Personal information
- Full name: Mads Glæsner
- Nationality: Denmark
- Born: 18 October 1988 (age 37) Tårnby, Denmark
- Height: 1.89 m (6 ft 2 in)
- Weight: 82 kg (181 lb)

Sport
- Sport: Swimming
- Strokes: freestyle
- Club: Vallensbæk-VAT

Medal record
Men's swimming
Representing Denmark
World Championships (SC)
| Gold medal – first place | 2012 Istanbul | 1500 m freestyle |
| Silver medal – second place | 2010 Dubai | 1500 m freestyle |
| Disqualified | 2012 Istanbul | 400 m freestyle |
European Championships (SC)
| Silver medal – second place | 2011 Szczecin | 400 m freestyle |
| Silver medal – second place | 2011 Szczecin | 1500 m freestyle |
| Bronze medal – third place | 2008 Rijeka | 400 m freestyle |
| Bronze medal – third place | 2009 Istanbul | 400 m freestyle |
| Bronze medal – third place | 2009 Istanbul | 1500 m freestyle |

= Mads Glæsner =

Danish swimmer (born 1988)

Mads Glæsner (born 18 October 1988 in Tårnby) is a Danish swimmer. He participated at the 2008 Summer Olympics in the 400 metre freestyle and the 1500 metre freestyle disciplines. His swimming club is Vallensbæk-VAT but he trains at the National Training Center in Copenhagen.

He competed at the 2012 Summer Olympics in the 400 m freestyle and the 4 × 200 m freestyle relay.

In June 2013, Glæsner was stripped of a gold and bronze medal from the 2012 World Short Course Championships after testing positive for levomethamphetamine.

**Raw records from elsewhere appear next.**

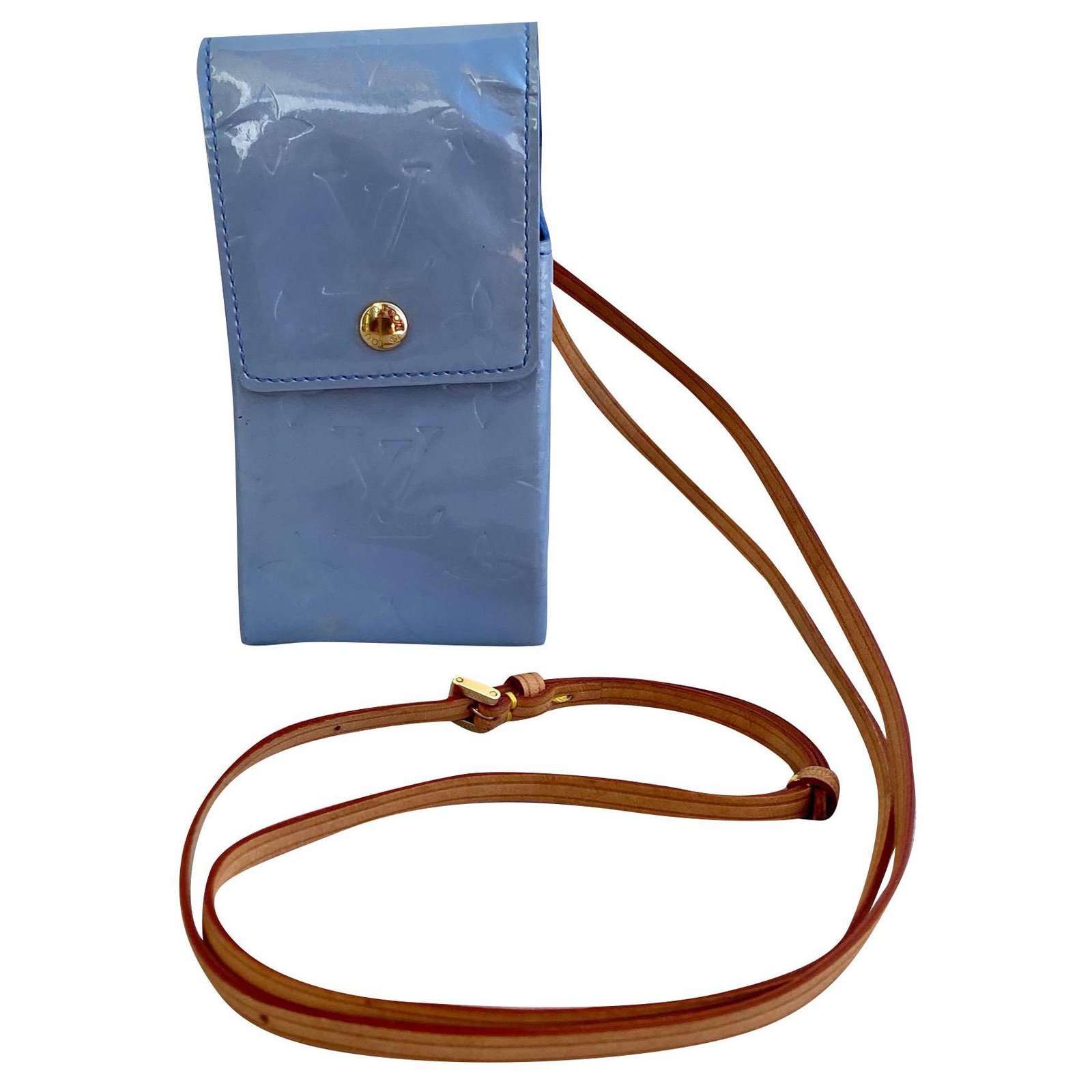 Louis Vuitton Clutch bags Blue Metallic Patent leather ref.182444 - Joli  Closet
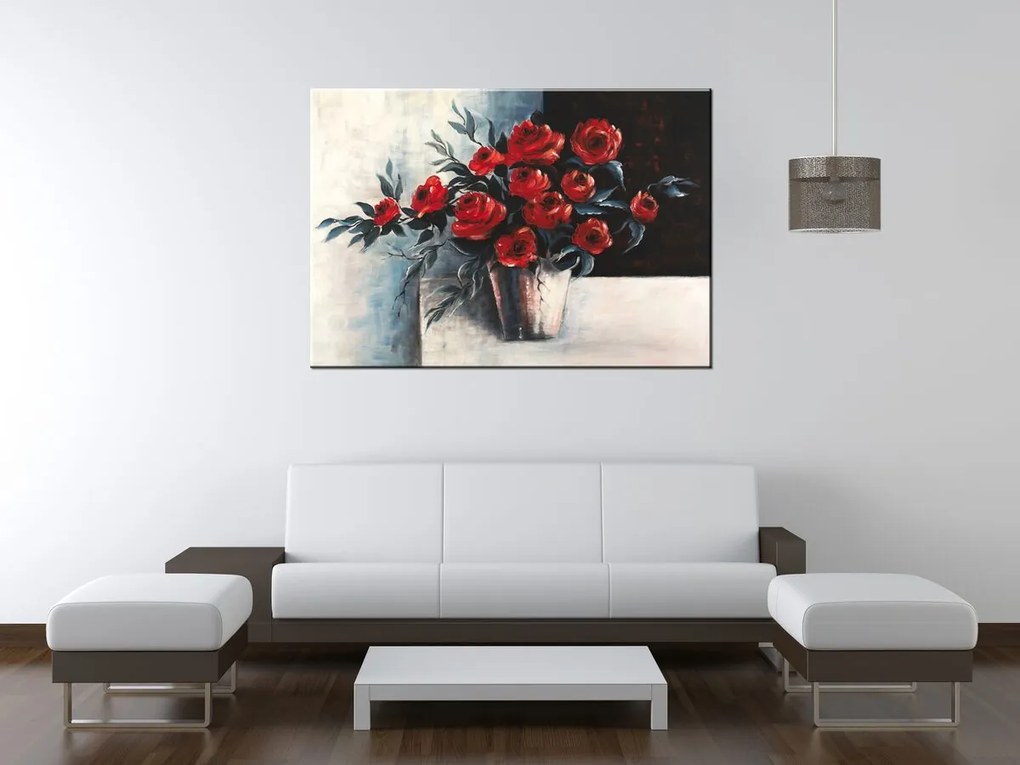 Gario Ručne maľovaný obraz Ruže vo váze Rozmery: 120 x 80 cm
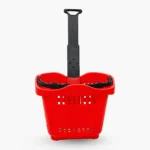 Front view of the red rolling shopping basket with the black telescoping pull handle extended and the carrying handles resting on the rim.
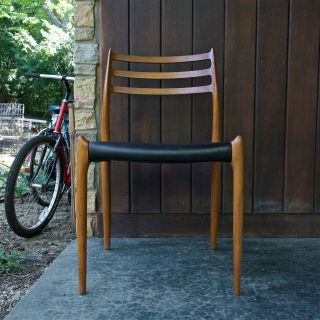 1960s Jl Moller Model 78 Teak Black Dining Chair Vtg Mid - Century Danish Modern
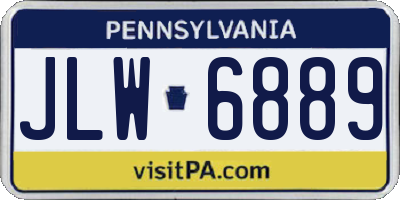 PA license plate JLW6889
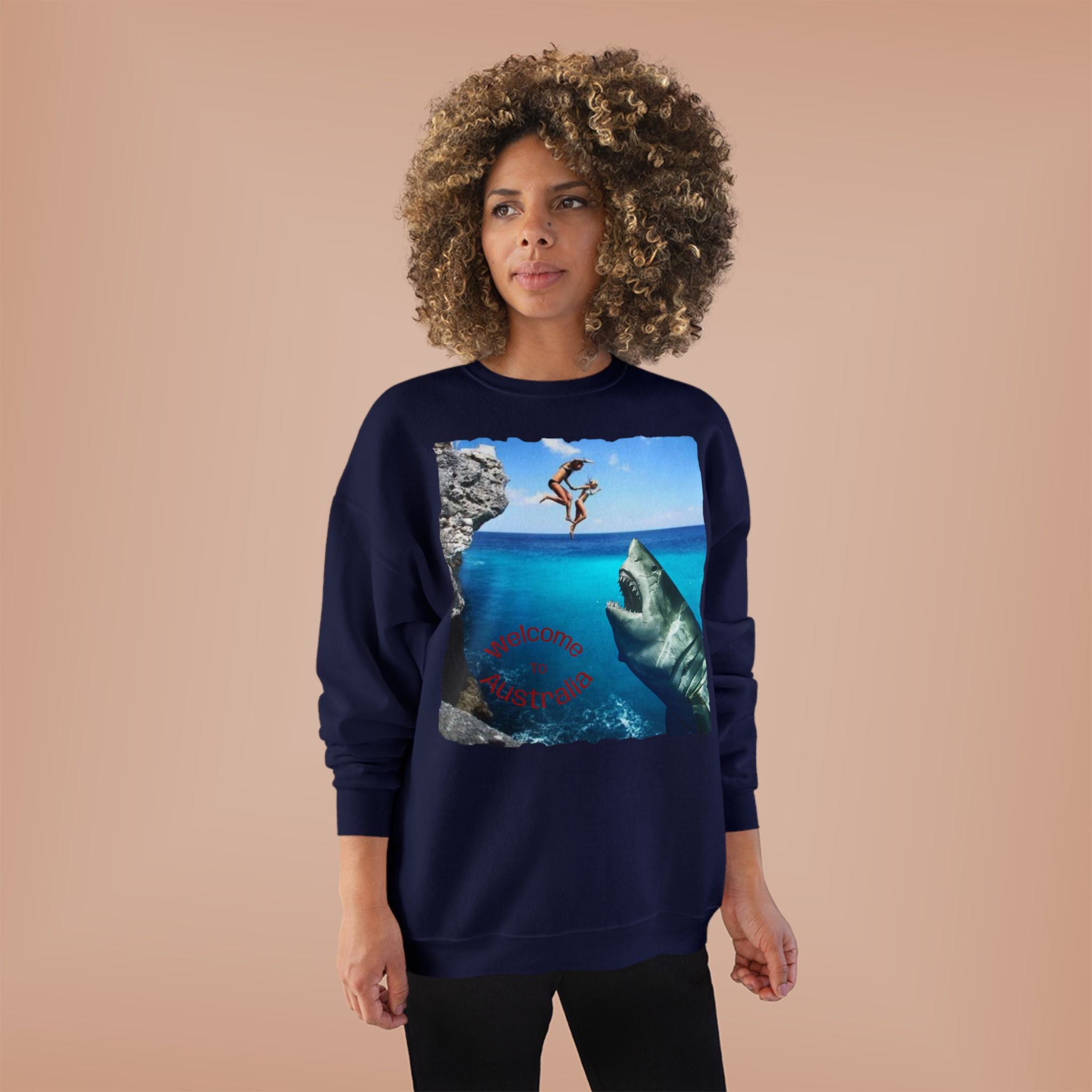 Crewneck Sweatshirt - Cliff Diver Shark Graphic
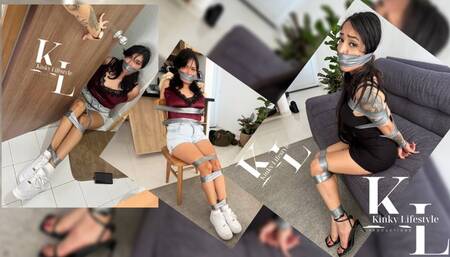 Wrong Place, Wrong Time: Simona & Mara (Wrist Watch, Duct Tape, PVC Tape, WrapGag, ChairTied, Crossed Hands, Role Reversal)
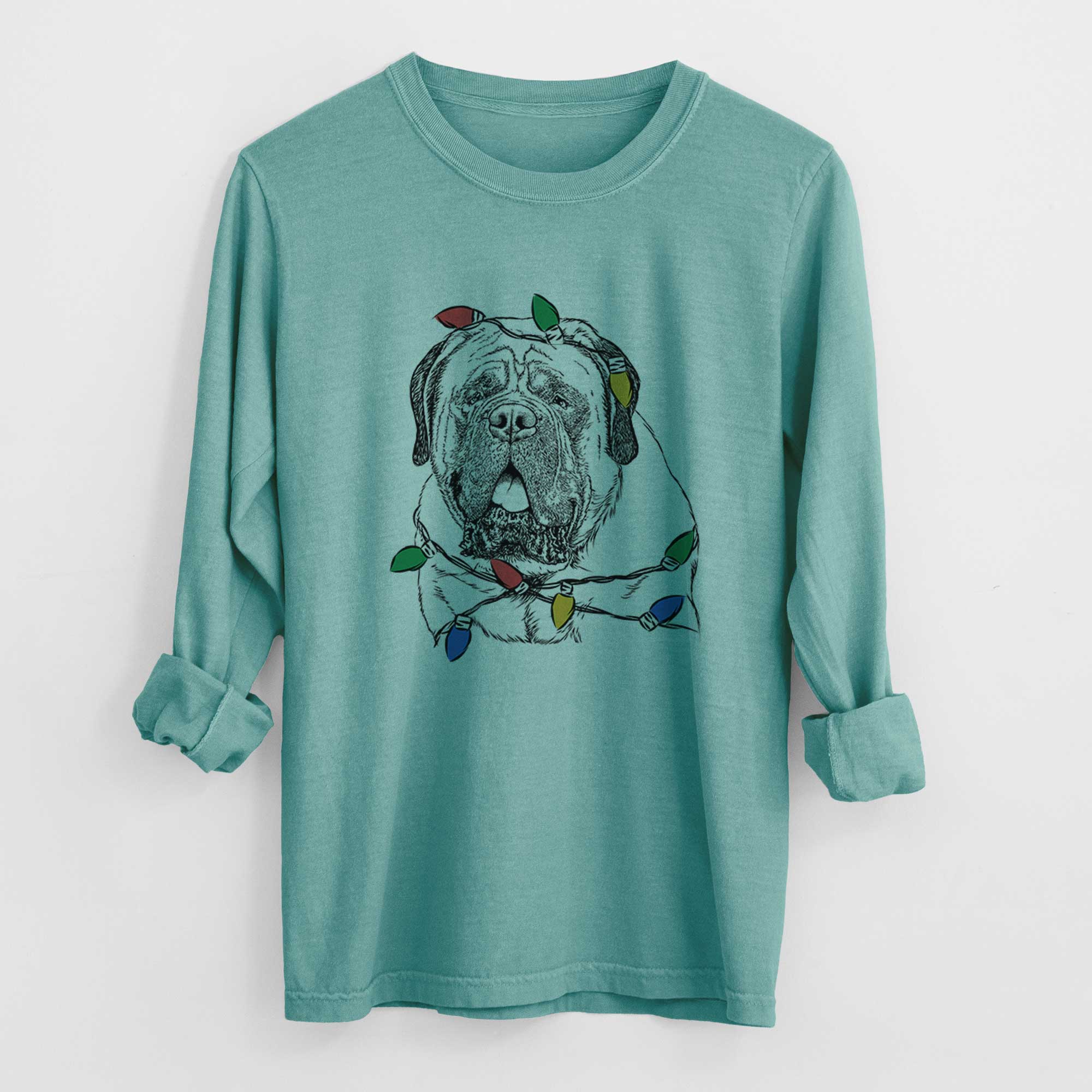 Christmas Lights Jed the English Mastiff - Heavyweight 100% Cotton Long Sleeve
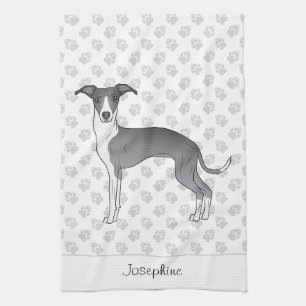 Blue And White Italian Greyhound With Custom Name Kitchen Towel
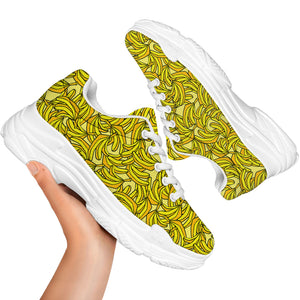 Yellow Geometric Banana Pattern Print White Chunky Shoes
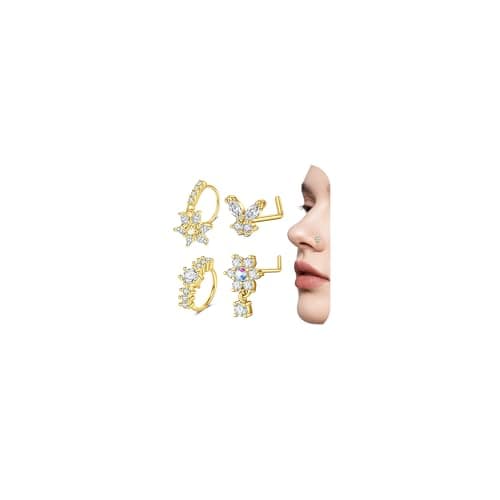 Nez-Piercing Acier Inoxydable Zircone Cubique : Chic 5 PCS 20G Bijoux — 20g-gold-b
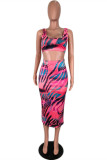 Rose Red Sexy Casual Print Basic U Neck Sleeveless Two Pieces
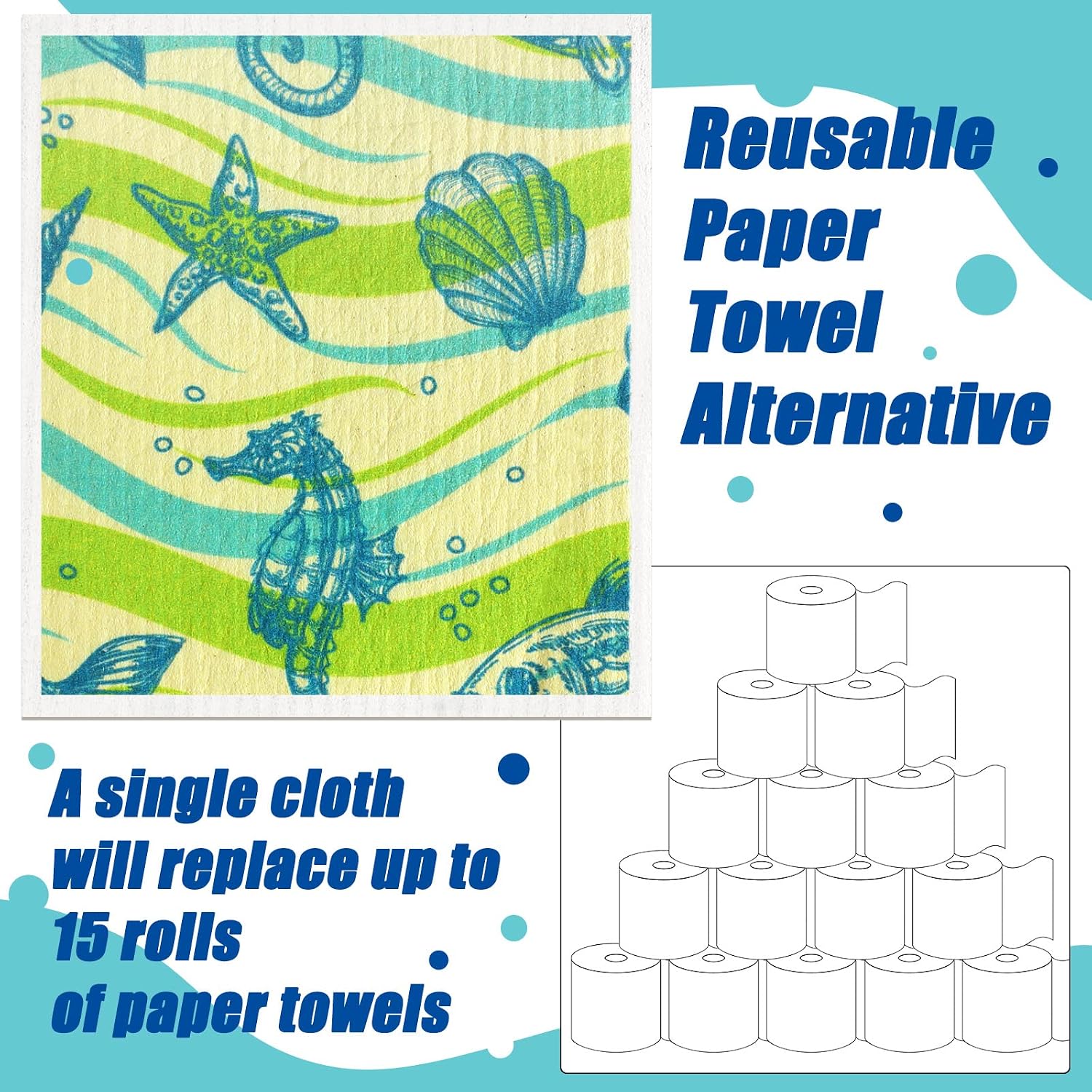 Remagr 6 Pcs Swedish Kitchen Dish Towels Kitchen Cloths Reusable Sponge Cleaning Cloths Absorbent Dish Cloth Quick Drying Washable Cleaning Wipes No Odor Hand Towel (Ocean) image 3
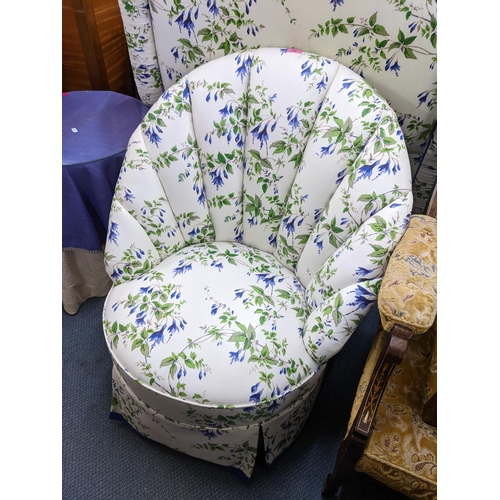 49 - A fan back floral upholstered bedroom chair together with matching single headboard
Location:LAF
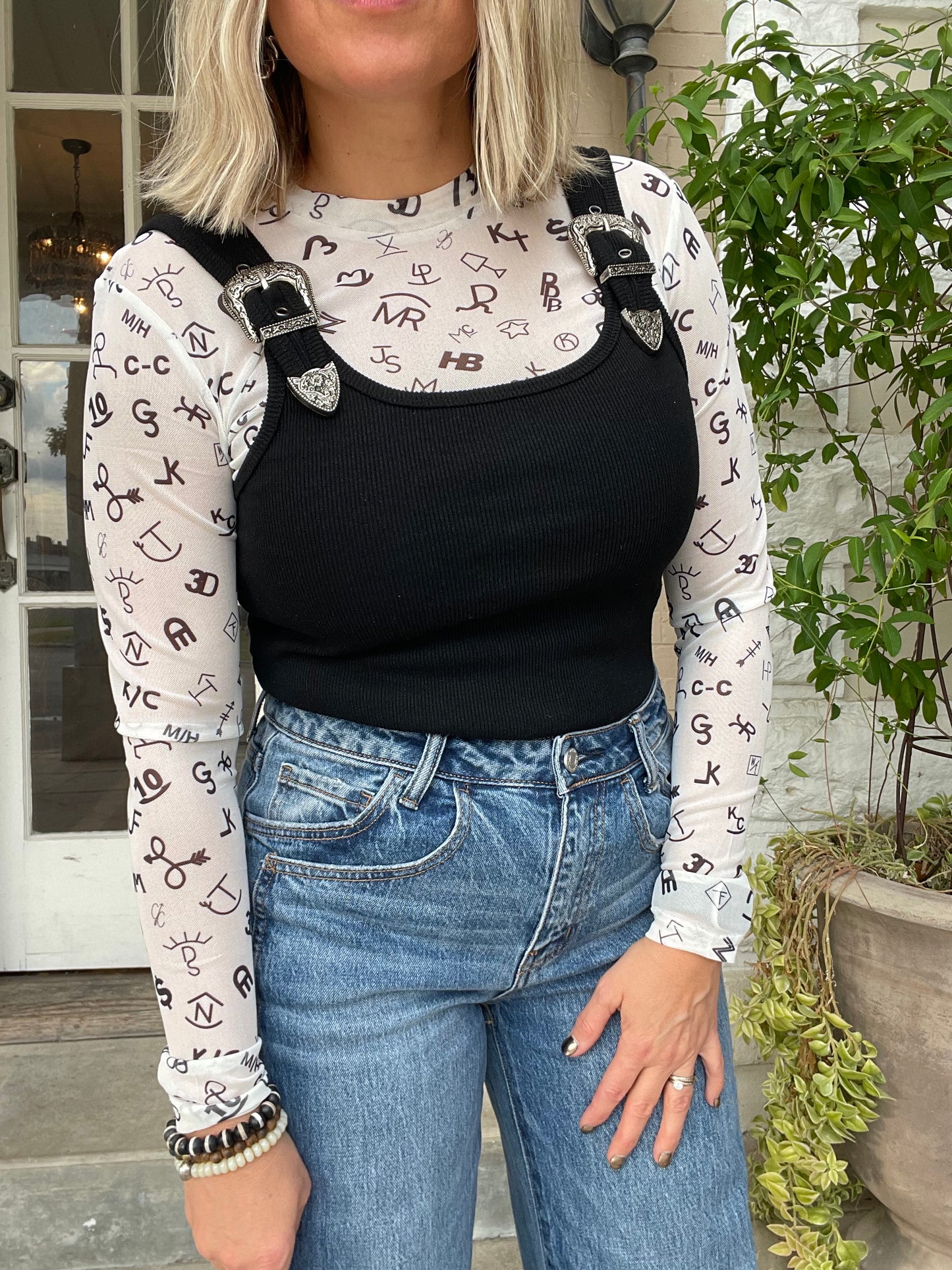 BLACK WESTERN BUCKLE BODYSUIT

However, upon appeal to the Court of Arbitration for Sport, Glaesner's 1500-metre freestyle gold medal was reinstated based on the fact that a test after that race, two days after his initial positive test following the 400-metre free, was clean. He still forfeited the 400-metre freestyle bronze, which he did not appeal.

Since then, he has competed at the 2016 Summer Olympics, in the 400 m freestyle.